LeMat-GenBench: A Unified Evaluation Framework for Crystal Generative Models

TL;DR

LeMat-GenBench tackles the lack of standardized evaluation for crystal-generative models by introducing a unified benchmark and open-source toolbox. It defines a comprehensive unconditional-generation metric suite (SUN/MSUN) anchored by a self-consistent MLIP-based convex hull and LeMat-Bulk as a broad reference. The paper benchmarks 12 state-of-the-art generative methods, revealing clear trade-offs between stability, novelty, and diversity, and showing no single approach dominates.
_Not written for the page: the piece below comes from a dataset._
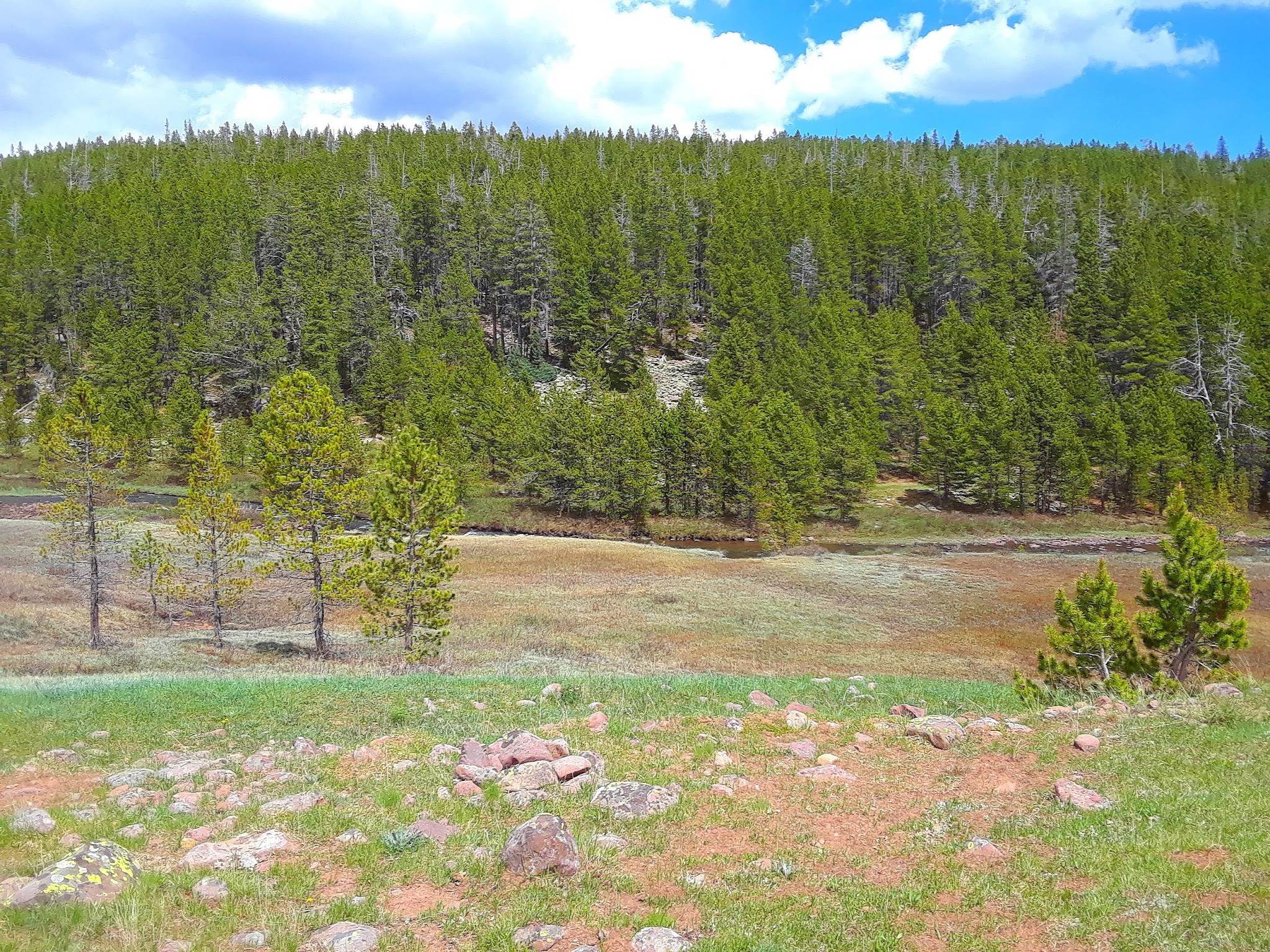 North Fork Camping Area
It also establishes a public leaderboard and discusses design choices to improve reliability and future extensions toward conditional generation and synthesis-aware discovery.

Abstract

Generative machine learning (ML) models hold great promise for accelerating materials discovery through the inverse design of inorganic crystals, enabling an unprecedented exploration of chemical space. Yet, the lack of standardized evaluation frameworks makes it challenging to evaluate, compare, and further develop these ML models meaningfully. In this work, we introduce LeMat-GenBench, a unified benchmark for generative models of crystalline materials, supported by a set of evaluation metrics designed to better inform model development and downstream applications. We release both an open-source evaluation suite and a public leaderboard on Hugging Face, and benchmark 12 recent generative models. Results reveal that an increase in stability leads to a decrease in novelty and diversity on average, with no model excelling across all dimensions. Altogether, LeMat-GenBench establishes a reproducible and extensible foundation for fair model comparison and aims to guide the development of more reliable, discovery-oriented generative models for crystalline materials.

Paper Structure

This paper contains 38 sections, 6 equations, 17 figures, 16 tables.

Figures (17)

  • Figure 1: LeMat-GenBench pipeline from raw model outputs to comprehensive evaluation. The framework begins by filtering generated crystals through rigorous validity checks. Valid structures are enriched with structural fingerprints, crystallographic descriptors, and MLIP-based energetic properties. Then, LeMat-GenBench computes a unified set of metrics capturing stability, novelty, uniqueness, diversity, distributional alignment, practical synthesizability considerations, and model efficiency. The resulting metric suite provides a standardized, leaderboard-ready assessment of generative models for inorganic crystal design.
  • Figure 2: Spider plots comparing generative models using LeMat-Bulk as reference. Left: (M)S.U.N. metrics measuring validity, uniqueness, novelty, (meta)stability, and the combined (M)S.U.N. score. Right: Quality metrics including energy above hull ($E_\mathrm{hull}$), structural relaxation (RMSD), diversity (average of elemental, space group, and size diversity normalized), JS divergence (Jensen-Shannon divergence measuring distributional similarity to reference). All metrics normalized to same scale where outer positions indicate better performance.
  • Figure 3: Validity comparison between SMACT and our proposed method. Five random samples of 1,000 structures from LeMat-Bulk were evaluated using both methods. Left: Overall validity rates with standard deviation across seeds. Right: Agreement breakdown. Our method recovers 12.6% of structures that SMACT rejects, primarily f-block and metalloid containing structures and elements with multiple oxidation states, while disagreeing on only 1.0% in the opposite direction. Seed-level results in \ref{['fig:seed_variation']}.
  • Figure 4: F1-score for stability prediction on LeMat-Bulk. Three MLIPs (orb-v3, uma-s1p1, mace-mp) are evaluated at different $E_{\text{hull}}$ thresholds. (a) MLIP energies compared against a DFT-constructed hull. (b) Self-consistent approach where each MLIP defines its own hull. The self-consistent method yields consistently higher F1-scores, particularly at strict thresholds.
  • Figure 5: An overview of the generative AI paradigm for candidate structure generation and optimization that underpins much of the work reviewed herein.